I could not have been happier for her. She looked radiant. She had but a moment to speak with me before she was pulled by one of the thousand iphone-bearing hands for a picture and during that moment she told me simply, “Im yirtza Hashem by you! I hope one day you can feel this happiness.”
Suddenly, my shiny, shimmering dreams of her glorious baby-filled future evaporated and I remembered. Oh, wow… I’m still single.
Not only am I still single, The color single has taken on a more vibrant hue due to a greater contrast between me and the rest of the 22/3/4 year-old population. Slowly, I am becoming the only remaining caterpillar in what seems like a world of butterflies. And being a caterpillar is amazing. Who wouldn’t want to be an awesome green fluffy crawling thing? Until all of your friends suddenly sprout wings and fly away. And one day you are casually chewing a leaf and you look around, and wonder… ‘hey, where’d everybody go?’

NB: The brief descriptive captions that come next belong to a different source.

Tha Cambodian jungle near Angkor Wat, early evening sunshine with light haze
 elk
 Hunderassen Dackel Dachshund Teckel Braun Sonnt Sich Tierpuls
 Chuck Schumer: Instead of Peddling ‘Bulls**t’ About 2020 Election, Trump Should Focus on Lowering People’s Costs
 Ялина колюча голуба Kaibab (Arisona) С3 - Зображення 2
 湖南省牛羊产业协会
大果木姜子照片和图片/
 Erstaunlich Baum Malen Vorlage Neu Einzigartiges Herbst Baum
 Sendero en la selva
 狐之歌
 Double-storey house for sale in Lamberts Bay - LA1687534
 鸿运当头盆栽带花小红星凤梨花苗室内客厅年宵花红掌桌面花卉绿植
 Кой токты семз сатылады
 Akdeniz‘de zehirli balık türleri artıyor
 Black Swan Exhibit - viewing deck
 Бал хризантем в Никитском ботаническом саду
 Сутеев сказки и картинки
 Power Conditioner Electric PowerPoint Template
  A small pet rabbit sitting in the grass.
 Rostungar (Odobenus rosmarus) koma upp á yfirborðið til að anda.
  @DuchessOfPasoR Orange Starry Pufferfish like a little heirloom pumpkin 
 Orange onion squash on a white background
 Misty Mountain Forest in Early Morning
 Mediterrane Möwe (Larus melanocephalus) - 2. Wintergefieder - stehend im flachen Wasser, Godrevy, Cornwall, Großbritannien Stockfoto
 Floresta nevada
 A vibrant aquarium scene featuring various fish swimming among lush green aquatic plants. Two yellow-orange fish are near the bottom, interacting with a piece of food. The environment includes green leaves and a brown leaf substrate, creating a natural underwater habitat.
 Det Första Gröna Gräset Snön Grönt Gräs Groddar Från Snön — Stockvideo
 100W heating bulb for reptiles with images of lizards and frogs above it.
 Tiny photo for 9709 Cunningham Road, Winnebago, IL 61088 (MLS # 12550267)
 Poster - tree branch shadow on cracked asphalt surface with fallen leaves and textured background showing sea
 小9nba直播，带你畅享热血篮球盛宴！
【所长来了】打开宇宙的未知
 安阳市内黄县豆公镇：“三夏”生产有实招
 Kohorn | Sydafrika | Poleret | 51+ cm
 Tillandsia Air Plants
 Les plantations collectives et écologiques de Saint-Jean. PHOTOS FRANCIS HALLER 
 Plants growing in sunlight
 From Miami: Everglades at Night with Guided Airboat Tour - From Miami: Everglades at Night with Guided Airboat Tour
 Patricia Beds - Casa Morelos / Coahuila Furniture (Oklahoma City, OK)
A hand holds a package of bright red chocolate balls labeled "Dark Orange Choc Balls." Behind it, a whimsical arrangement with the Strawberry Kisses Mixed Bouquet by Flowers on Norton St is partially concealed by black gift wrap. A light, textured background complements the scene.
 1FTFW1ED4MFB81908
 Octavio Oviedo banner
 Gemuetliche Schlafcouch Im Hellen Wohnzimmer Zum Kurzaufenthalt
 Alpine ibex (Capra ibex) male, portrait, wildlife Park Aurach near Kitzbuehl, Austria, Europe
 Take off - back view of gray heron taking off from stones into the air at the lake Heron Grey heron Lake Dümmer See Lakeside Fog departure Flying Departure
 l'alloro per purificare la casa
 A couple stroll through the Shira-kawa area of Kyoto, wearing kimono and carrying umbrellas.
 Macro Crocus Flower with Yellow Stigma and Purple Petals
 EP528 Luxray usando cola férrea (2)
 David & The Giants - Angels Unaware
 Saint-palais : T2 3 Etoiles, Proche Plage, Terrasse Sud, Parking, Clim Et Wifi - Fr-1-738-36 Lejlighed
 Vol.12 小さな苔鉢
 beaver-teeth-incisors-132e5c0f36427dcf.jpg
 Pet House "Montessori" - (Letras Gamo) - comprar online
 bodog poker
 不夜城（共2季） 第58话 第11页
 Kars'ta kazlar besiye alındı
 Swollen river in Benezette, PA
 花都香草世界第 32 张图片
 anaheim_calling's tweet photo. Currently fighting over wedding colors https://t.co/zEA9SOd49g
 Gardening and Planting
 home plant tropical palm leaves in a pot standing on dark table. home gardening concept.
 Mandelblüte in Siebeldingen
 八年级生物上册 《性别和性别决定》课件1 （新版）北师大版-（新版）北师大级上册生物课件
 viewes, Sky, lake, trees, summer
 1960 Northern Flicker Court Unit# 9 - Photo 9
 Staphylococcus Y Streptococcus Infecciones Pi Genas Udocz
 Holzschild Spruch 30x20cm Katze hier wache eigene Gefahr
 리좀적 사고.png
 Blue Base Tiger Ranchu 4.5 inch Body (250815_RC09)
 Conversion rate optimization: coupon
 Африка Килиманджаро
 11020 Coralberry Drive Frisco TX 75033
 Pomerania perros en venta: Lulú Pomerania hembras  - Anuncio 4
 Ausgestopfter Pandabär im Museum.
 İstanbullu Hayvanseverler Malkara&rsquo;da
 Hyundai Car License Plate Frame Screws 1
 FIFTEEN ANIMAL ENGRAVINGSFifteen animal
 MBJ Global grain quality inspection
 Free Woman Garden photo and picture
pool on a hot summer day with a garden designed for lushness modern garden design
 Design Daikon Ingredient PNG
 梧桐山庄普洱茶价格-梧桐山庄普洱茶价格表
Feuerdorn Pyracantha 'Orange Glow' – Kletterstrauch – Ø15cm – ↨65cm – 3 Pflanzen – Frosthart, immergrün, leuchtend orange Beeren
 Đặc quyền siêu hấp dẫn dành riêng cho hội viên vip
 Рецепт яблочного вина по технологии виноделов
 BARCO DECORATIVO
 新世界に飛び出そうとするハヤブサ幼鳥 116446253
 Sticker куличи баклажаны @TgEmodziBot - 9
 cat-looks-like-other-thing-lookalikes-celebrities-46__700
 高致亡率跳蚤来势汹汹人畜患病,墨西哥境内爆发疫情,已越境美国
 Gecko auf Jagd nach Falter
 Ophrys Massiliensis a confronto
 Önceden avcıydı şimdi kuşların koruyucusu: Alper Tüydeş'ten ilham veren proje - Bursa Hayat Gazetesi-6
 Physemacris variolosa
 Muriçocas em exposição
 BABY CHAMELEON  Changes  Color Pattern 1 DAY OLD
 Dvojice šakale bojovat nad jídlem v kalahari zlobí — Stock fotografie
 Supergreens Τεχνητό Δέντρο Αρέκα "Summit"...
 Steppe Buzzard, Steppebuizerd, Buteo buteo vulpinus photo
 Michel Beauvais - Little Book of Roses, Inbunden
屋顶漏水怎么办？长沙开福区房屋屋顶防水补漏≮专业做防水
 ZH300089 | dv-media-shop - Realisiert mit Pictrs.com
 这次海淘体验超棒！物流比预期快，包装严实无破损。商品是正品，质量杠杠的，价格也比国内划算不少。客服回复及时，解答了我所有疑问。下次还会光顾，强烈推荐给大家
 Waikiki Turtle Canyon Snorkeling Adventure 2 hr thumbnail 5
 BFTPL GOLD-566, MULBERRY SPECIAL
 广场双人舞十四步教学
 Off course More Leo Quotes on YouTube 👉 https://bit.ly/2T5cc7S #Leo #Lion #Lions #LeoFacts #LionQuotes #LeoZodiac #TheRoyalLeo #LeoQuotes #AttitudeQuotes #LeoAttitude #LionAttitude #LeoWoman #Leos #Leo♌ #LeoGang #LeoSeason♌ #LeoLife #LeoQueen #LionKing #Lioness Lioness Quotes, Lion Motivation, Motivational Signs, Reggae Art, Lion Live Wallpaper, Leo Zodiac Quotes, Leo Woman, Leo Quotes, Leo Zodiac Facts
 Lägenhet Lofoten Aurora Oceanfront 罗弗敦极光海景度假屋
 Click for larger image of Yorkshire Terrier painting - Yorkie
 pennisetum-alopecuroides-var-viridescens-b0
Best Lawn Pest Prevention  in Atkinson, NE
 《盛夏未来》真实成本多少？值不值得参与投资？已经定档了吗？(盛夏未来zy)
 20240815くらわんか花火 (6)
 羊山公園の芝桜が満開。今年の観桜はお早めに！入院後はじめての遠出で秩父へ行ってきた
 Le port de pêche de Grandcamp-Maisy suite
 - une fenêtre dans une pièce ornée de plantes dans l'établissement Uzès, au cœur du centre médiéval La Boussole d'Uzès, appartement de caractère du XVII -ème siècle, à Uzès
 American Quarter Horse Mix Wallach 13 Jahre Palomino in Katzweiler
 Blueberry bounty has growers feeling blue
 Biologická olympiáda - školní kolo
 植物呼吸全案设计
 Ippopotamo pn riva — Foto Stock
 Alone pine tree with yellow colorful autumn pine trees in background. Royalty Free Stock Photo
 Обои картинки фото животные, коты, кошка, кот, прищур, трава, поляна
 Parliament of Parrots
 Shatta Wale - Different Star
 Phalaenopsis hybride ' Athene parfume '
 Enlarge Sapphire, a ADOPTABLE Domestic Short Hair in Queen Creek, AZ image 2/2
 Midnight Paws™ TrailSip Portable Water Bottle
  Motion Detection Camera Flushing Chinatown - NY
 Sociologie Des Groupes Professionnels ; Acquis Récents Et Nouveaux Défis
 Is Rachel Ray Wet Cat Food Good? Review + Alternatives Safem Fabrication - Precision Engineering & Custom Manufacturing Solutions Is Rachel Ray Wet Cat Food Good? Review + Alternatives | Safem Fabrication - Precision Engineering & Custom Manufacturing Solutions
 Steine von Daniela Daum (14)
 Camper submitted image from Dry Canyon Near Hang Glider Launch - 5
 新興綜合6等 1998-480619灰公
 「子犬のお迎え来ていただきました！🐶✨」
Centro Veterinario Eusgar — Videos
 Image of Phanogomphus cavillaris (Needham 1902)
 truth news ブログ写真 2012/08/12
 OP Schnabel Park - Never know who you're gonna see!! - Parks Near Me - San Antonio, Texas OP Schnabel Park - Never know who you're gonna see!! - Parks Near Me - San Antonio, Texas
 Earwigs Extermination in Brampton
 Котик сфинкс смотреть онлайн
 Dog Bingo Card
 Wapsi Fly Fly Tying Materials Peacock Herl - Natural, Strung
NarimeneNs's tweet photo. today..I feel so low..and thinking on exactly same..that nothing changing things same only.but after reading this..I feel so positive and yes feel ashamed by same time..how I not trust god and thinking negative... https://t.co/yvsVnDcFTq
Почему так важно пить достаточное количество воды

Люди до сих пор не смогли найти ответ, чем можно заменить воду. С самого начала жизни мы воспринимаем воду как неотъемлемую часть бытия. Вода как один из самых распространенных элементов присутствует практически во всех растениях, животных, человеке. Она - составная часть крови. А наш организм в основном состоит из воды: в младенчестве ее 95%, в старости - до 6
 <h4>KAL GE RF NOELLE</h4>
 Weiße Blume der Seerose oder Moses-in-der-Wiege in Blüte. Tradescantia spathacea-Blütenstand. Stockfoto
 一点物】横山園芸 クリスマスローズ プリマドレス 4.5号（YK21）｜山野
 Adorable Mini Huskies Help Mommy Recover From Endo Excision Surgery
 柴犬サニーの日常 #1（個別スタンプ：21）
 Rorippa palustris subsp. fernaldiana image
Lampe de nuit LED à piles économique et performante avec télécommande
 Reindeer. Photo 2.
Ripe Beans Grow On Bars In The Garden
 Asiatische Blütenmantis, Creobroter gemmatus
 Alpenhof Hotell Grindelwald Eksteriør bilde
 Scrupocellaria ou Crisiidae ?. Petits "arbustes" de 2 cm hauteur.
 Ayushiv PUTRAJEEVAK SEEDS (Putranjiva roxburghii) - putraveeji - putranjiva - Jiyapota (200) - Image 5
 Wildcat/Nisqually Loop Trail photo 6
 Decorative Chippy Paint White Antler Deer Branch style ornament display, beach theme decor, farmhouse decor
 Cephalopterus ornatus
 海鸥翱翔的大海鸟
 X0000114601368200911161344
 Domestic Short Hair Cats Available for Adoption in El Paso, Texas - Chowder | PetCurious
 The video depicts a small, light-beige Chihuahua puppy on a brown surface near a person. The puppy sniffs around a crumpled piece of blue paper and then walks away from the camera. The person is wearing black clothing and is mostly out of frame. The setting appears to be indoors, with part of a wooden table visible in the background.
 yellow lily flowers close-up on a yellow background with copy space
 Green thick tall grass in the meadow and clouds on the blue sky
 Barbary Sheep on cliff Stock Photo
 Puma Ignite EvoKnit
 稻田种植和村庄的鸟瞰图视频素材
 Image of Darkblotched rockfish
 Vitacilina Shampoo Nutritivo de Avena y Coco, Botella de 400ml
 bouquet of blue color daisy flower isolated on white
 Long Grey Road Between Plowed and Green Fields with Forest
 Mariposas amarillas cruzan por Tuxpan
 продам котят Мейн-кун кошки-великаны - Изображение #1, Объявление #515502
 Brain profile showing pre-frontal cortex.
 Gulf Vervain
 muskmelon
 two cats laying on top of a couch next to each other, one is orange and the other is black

“Im yirtza Hashem by you.” I walked home silently in thought. Even the blessing was tinged with the sound of desperation. “PLEASE G-D BRING ME A BOCHUR TO SAVE ME FROM A LIFE OF DOOMED SINGLENESS.” I know that the words had not been meant that way. They were meant as a verbal gift of love and well-wishes.
But for some reason, the blessing stung. And I realized that it had aroused a feeling of a social truth in my mind. People feel bad for me. They look at me when I run a successful program and say, ‘Oh, poor Mushkie, she’s such a good girl. Why is she not married yet?’ They look at me when I choose to forgo another year of shlichus in order to pursue an education and say, ‘Mushkie, don’t you realize that this may harm your prospects?’ They look at me when I smile and say, ‘Oh! Mushkie! What a smile! What’s doing in the dating world? Someone must be causing you to smile like that!’
And to them, I nod and murmur some appeasing words. Internally, I respond to them all; ‘I’m not married because G-d has decided that I still have some growing to do. I’m pursuing an education because I have discovered that which I love doing and my thirst to share it with the world. And no, my smile is not because I’m dating the most fantastic bochur around. I’m smiling because it is raining outside and I simply adore the sound of rain.’ Because my life is about more than waiting impatiently.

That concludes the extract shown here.